シンガポールの子会社から頻繁に配当されることから、なぜそのようなことが可能なのか、当初疑問に思いました。

例えば、ONEは、2021年の場合
●月〇日
〇月〇日
●月〇日
○月〇日
の4回、配当を実施しています。
日本の法制においても、四半期ごとに配当を実施することは、可能です。ただ、これは、前期末時点での配当可能利益を財源とした配当であるのに対し、ONEが実施した配当は、進行期の利益を財源とした配当であると考えられるからです。
もう1つの疑問が、シンガポール法人が配当するのは、株主であるONEホールディングスに対してであって、その出資者である海運3社には、直接配当できないのではないか?という疑問です。(これについては、後述の資本構成を確認するなかで、配当可能であることがわかります。)

 

 

工夫された資本構成


工夫された資本構成となっており、結果的に法人税等の節税につながっています。
ONEについては、資本構成が複雑になっていますが、税制上のメリットを享受するための工夫された仕組みになっていると考えられます。

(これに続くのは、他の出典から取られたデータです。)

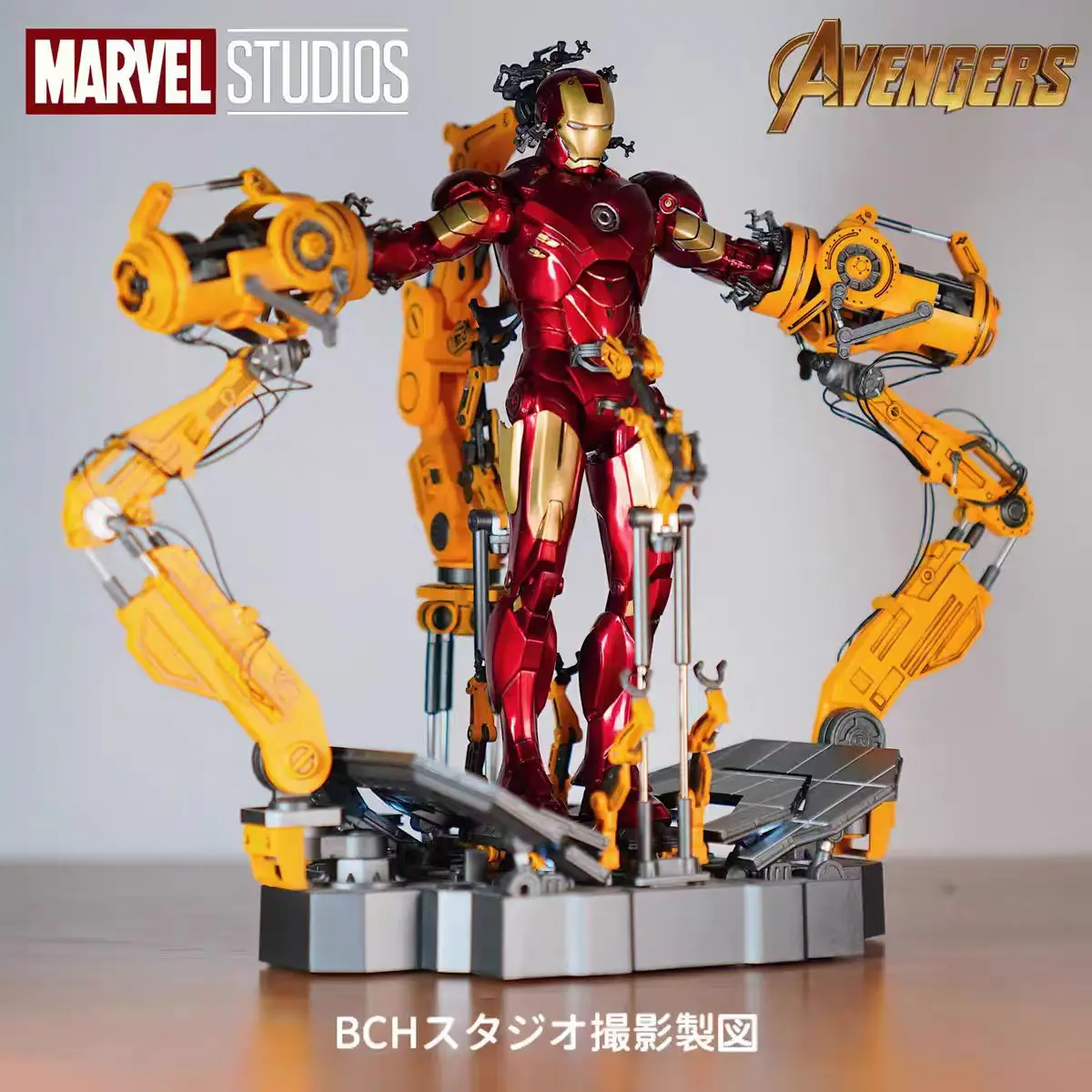 

Коллекционная фигурка Железного человека Marvel MK4 и Mark 50 с подвижными суставами и светящейся броней, модель-игрушка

ONEの構想が発表されたときの資料によれば、下記のようになっています。



しかし、実際には、下記のように、海運3社から直接シンガポールの事業運営会社に対して出資されている部分もあります。(というか、金額的には、その方が大きいです。)



なぜこのような仕組みになっているかと言えば、海運3社にとって、国内法人から配当金を受け取る場合と、海外法人から配当金を受け取る場合で、法人税法上の取扱が異なるからだと推測しました。
(著者は税理士ではありますが、国際税制とその実務について詳しくないので、あくまで推測です。実際にスキームを組み立てる場合は、専門にしている税理士さんに相談してください。詳しい税理士さんに知り合いがいたのですが、残念ながら数年前に他界されました。)


日本郵船の有価証券報告書を見てみましょう。
有価証券報告書の「4【関係会社の状況】」という項目には、「(1) 連結子会社」や「(2) 持分法適用会社」にどのような会社があるかが列挙されています。(連結子会社と持分法適用会社とは何か?について、よくわからない方は、別の記事を参考にしてください。)


持分法適用会社にオーシャンネットワークエクスプレスホールディングス(株)があり、資本金50百万円、持株割合は38%であることがわかります。

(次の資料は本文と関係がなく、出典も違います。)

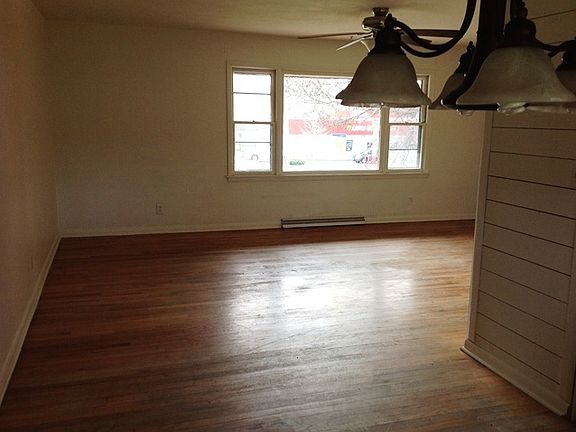 5th image of 3314 Charles St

さらにページをめくっていくと、OCEAN NETWORK EXPRESS PTE.LTD.も持分適用会社として示されています。
本社はシンガポール、資本金は30億ドル(約4200億円)、事業は定期船事業、当社から定期船を賃借していることが示されています。
ここで注目したいのが持株割合です。0%となっています。
正確には議決権の所有割合です。
議決権は所有してないけれども、持分法適用会社である、ということです。
これは、OCEAN NETWORK EXPRESS PTE.LTD.の親会社(おそらく100%親会社)である、オーシャンネットワークエクスプレスホールディングス(株)が持分法適用会社であることから、それに連動しているものと考えられます。


 

ONEの決算書で、無議決権株式を見てみると
ONEホールディングス株式会社の決算書がホームページに掲載されているので、これを見てみると、とても興味深いです。

貸借対照表を見てみましょう。

資産を見てみると、
・現金及び預金5890億円
・売掛金2069億円
・使用権資産(コンテナ船と思われます)5947億円
が目立った資産で、総資産1兆4667億円となっています。
では、これだけの資産をどのようにして調達したか?負債・純資産の部を見てみると、
・買掛金1481億円
・前受金1071億円
・リース債務(流動+固定)6100億円
・非支配株主持分5813億円
が主な調達手段となっています。

使用権資産5947億円とリース債務(流動+固定)6100億円は、ヒモついていると考えられます。
また、現金及び預金5890億円と非支配株主持分5813億円が、概ねヒモついているのだろうと予想されます。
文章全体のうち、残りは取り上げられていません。